**Instructions to follow**
Leave the pictures out. Retype exactly the lines below from the one containing "Malorian Arms 3516 customized version" through the one containing "Race 5 - Restricted (44 of 88)", and no others.

**Data in this exercise**
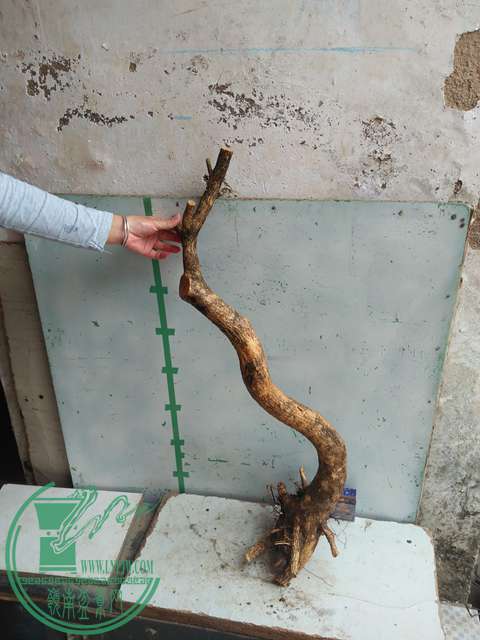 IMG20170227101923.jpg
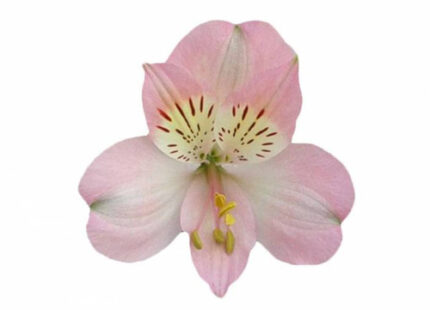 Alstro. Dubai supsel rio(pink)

* * *

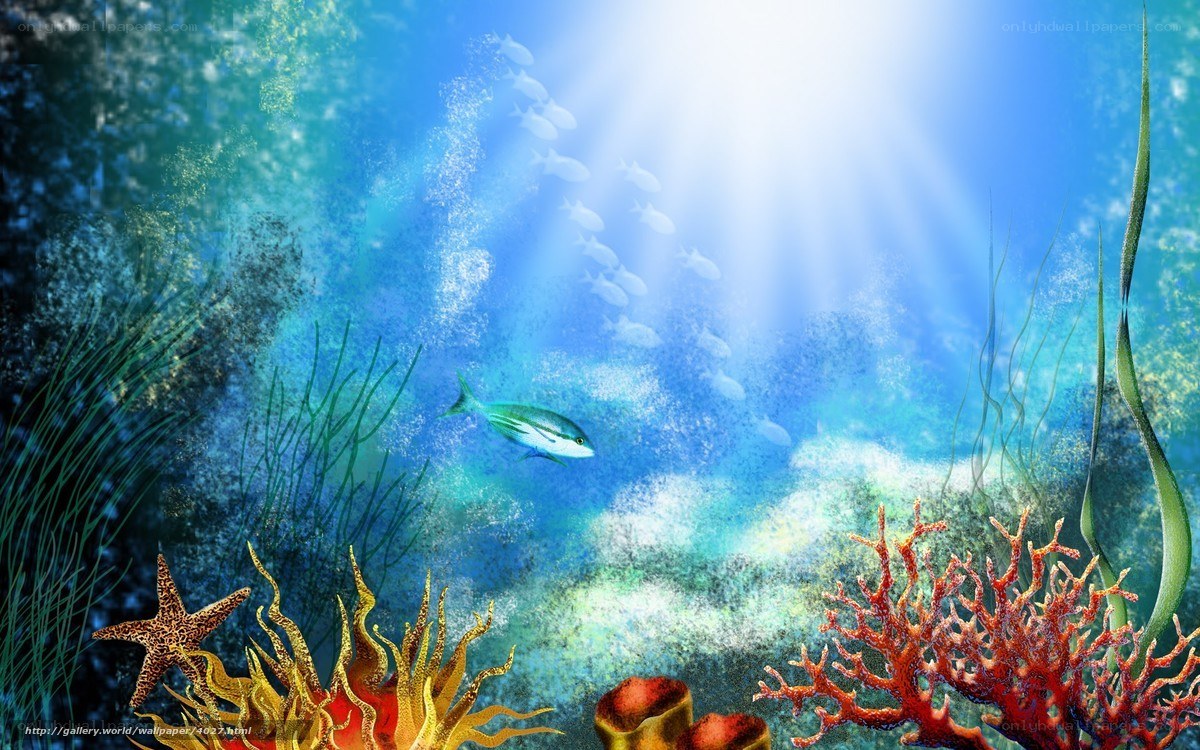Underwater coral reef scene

==

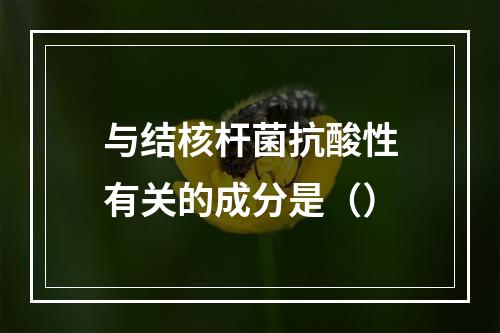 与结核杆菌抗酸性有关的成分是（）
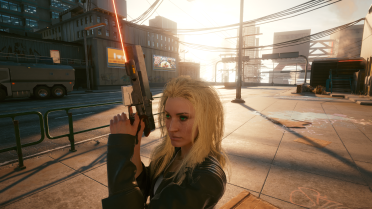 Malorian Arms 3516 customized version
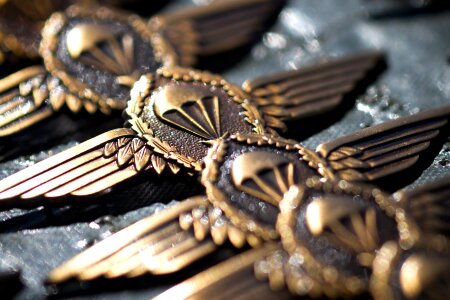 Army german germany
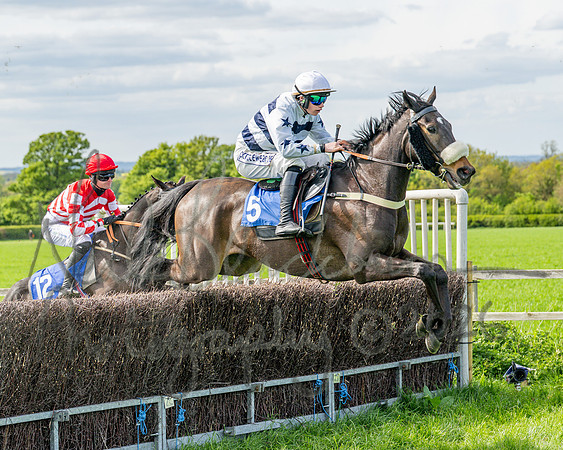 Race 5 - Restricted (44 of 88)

**Expected answer**
 Malorian Arms 3516 customized version
 Army german germany
 Race 5 - Restricted (44 of 88)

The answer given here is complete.